Work required:
Please repeat the whole listing exactly, but leave the pictures out.
········
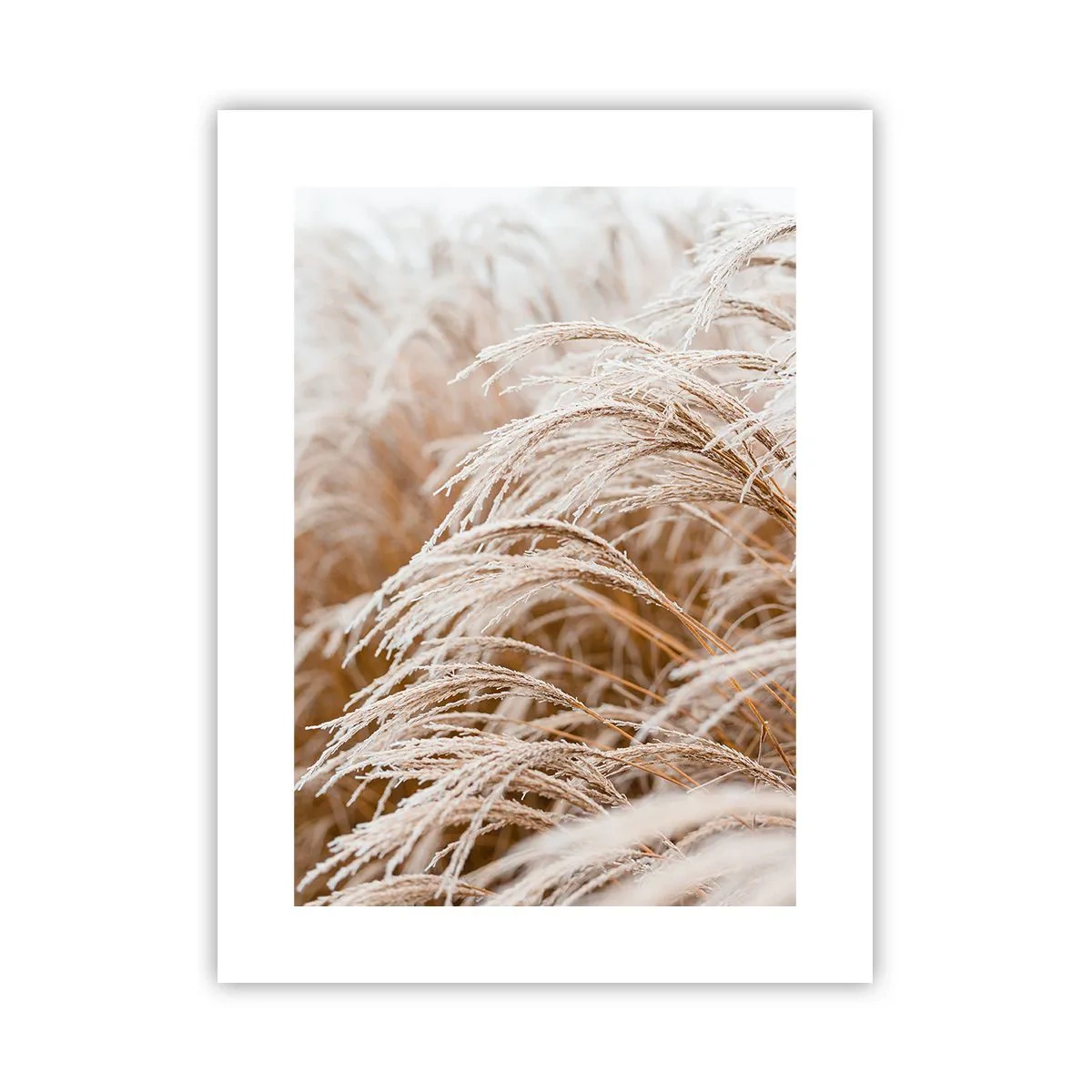 Plakát - Klanění podzimnímu slunci - 30x40 cm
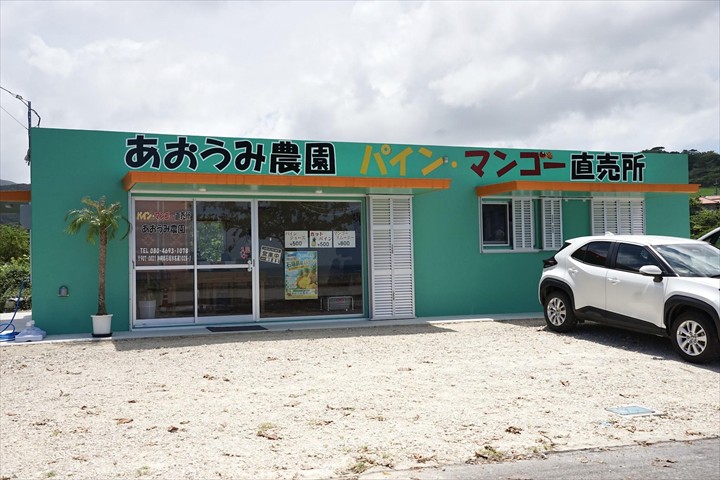石垣島 パイナップル 直売所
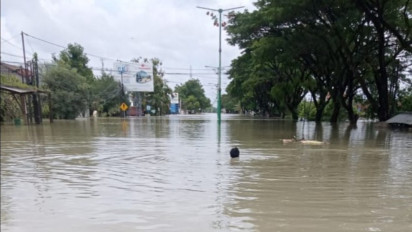 Tanggul Jebol Lagi, Karanganyar Demak Diterjang Banjir, BPBD Jateng : Warga Diungsikan ke PHI Gajah
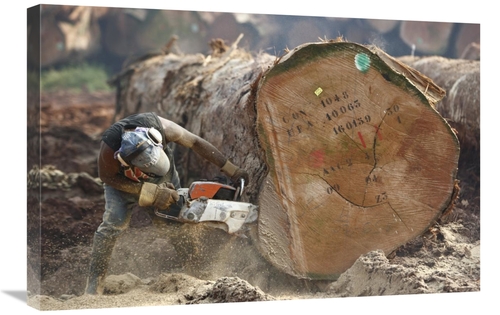 Global Gallery GCS-398086-2030-142 20 x 30 in. Logger Cutting Trunk of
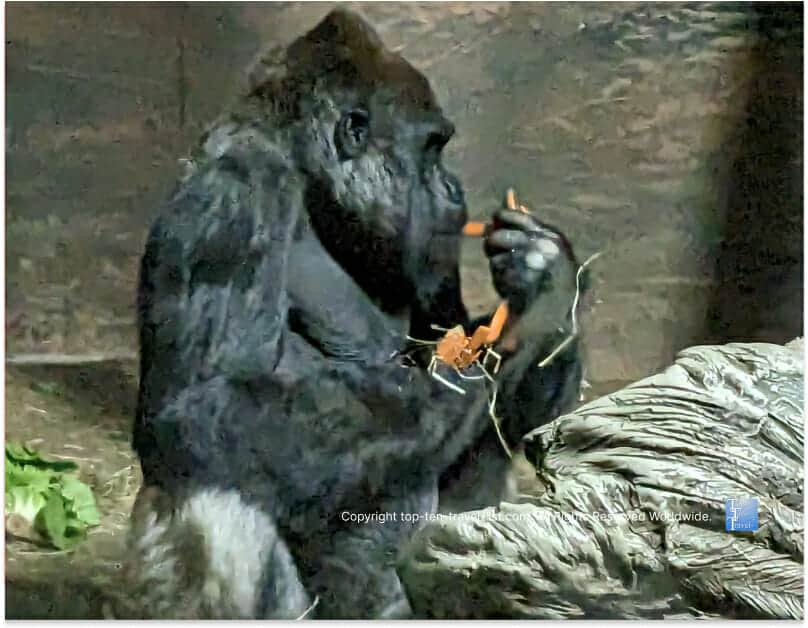 Gorilla at the Pittsburgh Zoo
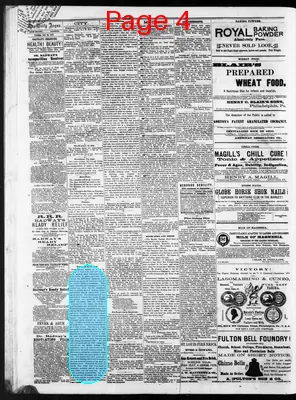 Page thumbnail for The Rock Island Argus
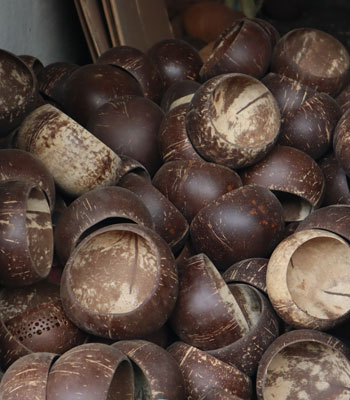 Coconut, Bali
········
Task answer:
 Plakát - Klanění podzimnímu slunci - 30x40 cm
石垣島 パイナップル 直売所
 Tanggul Jebol Lagi, Karanganyar Demak Diterjang Banjir, BPBD Jateng : Warga Diungsikan ke PHI Gajah
 Global Gallery GCS-398086-2030-142 20 x 30 in. Logger Cutting Trunk of
 Gorilla at the Pittsburgh Zoo
 Page thumbnail for The Rock Island Argus
 Coconut, Bali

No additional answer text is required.